Well here's my version need so liquid green stuff I think to fill in a couple of gaps but that can wait till I pick some up


----------



## Iraqiel

Mwhahahahaha progress!

I won't put up the heavy weapons teams that I've been working on... I just grabbed the bits box and started putting them together with the vague hope of achieving the HWT Apocalypse formation. Well, between this month and next month, I hope to get a Lascannon/Autocannon one and a Heavy Bolter/Mortar formation out. Eventually, I will have so many guard models that noone will ever play against me in apocalypse because the points needed to do so are impossible to achieve. Then, as Macharius, I shall weep that there are no more worlds left to conquer in my lifetime.

In the mean time... Characters!
Before:

(Officer of the fleet is in a previously published 'before' picture)

After:


----------



## Mossy Toes

Still hoping to get started on/to finish my Soul Grinder this month, but not seeing the time going to be available. Wouldn't be surprised if I ended up not getting it in on time; ah well, I'll have my chance to catch up later.


----------



## SwedeMarine

Mossy Toes said:


> Still hoping to get started on/to finish my Soul Grinder this month, but not seeing the time going to be available. Wouldn't be surprised if I ended up not getting it in on time; ah well, I'll have my chance to catch up later.

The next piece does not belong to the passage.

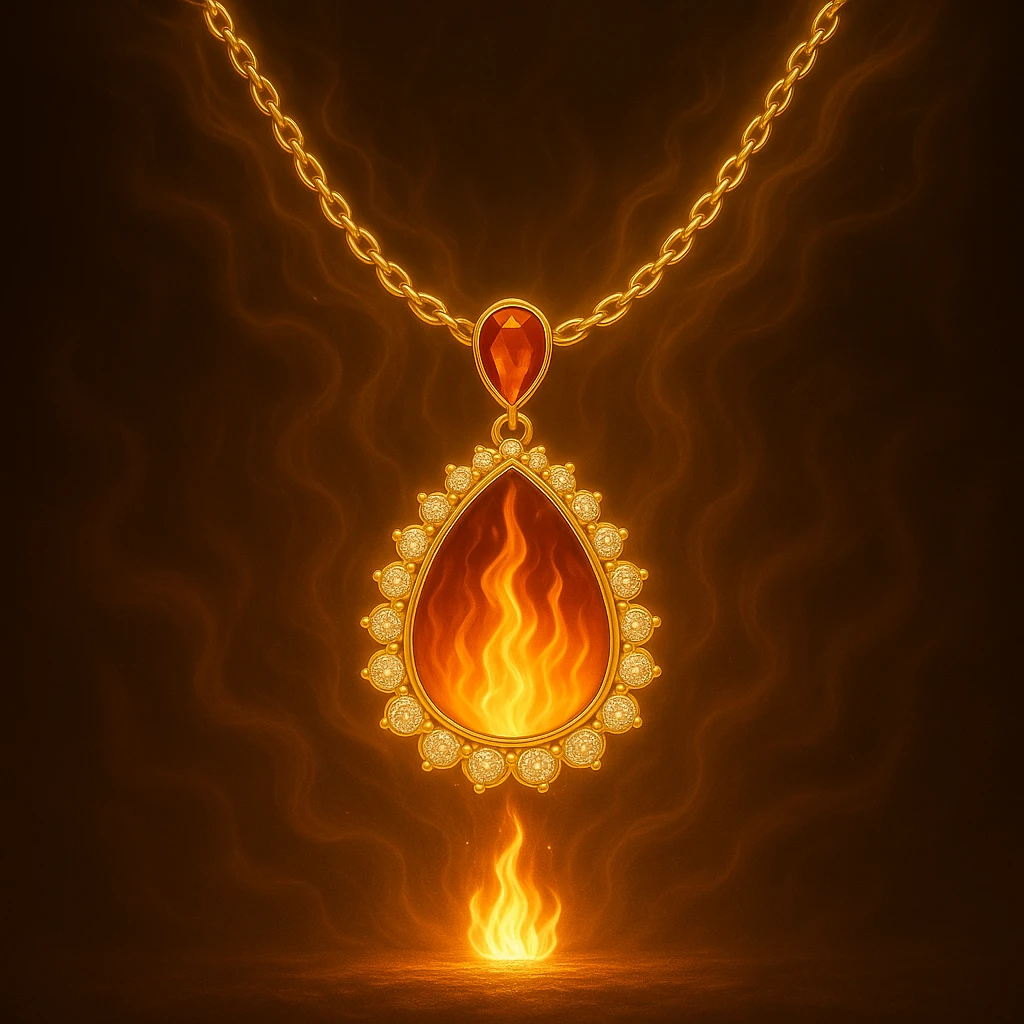 Replace the dark void with a small, powerful flame inside the pendant emoji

if you like the model you can do it! if not you might be screwed. Honestly mate. I hate these effing centurions and it looks like im going to get them done on time. Give it a good old college try anyways


----------



## humakt

I managed to finish a squad of corrupted Dark Eldar. Just need to complete building next months entry!


----------



## iamtheeviltwin

Looks like another month of not getting stuff finished for me, but I might actually crank out a character model before months end...god RL sucks sometimes


----------



## Khorne's Fist

Went looking for my proof photo that I know I took, but I must not have posted it up. Oh well. Here are the last of my metal USMC minis. Thank fuck from here on in it's all plastic except for a few weapons crews. I will be adding to the basing, just waiting on a few bits from ebay.


----------



## Tawa

Great work so far guys, keep it coming! :good:


----------



## SwedeMarine

I think i might make it again this month!!!


----------



## Relise

I have left it late this month but my wife is away so I have all weekend to get this unit if Docga done! I'm going for a Hound from hell type feel so basically dark red.... Fingers crossed they are done by Sunday night.


----------



## Nordicus

Relise said:


> Fingers crossed they are done by Sunday night.


Fingers are crossed. Now get ta work!


----------



## Relise

Yes sir 😄😄. Base coat and 2 coats of shade are done. Just having lunch whilst the last coat dries ....


----------



## scscofield

Going have to take a pass this month.


----------



## Tawa

Afternoon guys,

I'll be closing this thread off on Wednesday 3rd September and the September thread will be opened up on Monday 1st.


----------



## scscofield

Hmm maybe I won't take a pass then, I could probably get something by then


----------



## Tawa

scscofield said:


> Hmm maybe I won't take a pass then, I could probably get something by then


----------



## scscofield

All depends on what the wife thinks I should be doing Mon-Wen


----------



## Tawa

Painting miniatures and keeping out from under her feet? :good:


----------



## Relise

After a good days painting my Docga are done 😄










They just need varnishing which I'll do tomorrow if it's dry. I'll also try and get a better photo as this one is with my phone with very bad lighting!!


----------



## SwedeMarine

Even though I'm happy with how these turned out i still hate these models. Not because they are bad sculpts but because they have so many goddamned pieces.


----------



## Iraqiel

Progress towards my apocalypse formation, and fittingly a number of entries towards this challenge - Five heavy weapon squads - though admittedly on one wound each and not yet based. I don't have the bits for ammo bearers currently, but I'll revisit these models after seeing what ebay and @bitsandkits can offer.


----------



## Tawa

Just over 24hrs to go on this thread guys


----------



## DaisyDuke

Managed to get finished so no real life card.















Will have more pics in my plog


----------



## Tawa

That's your lot for August guys! 

Thread Closed.


----------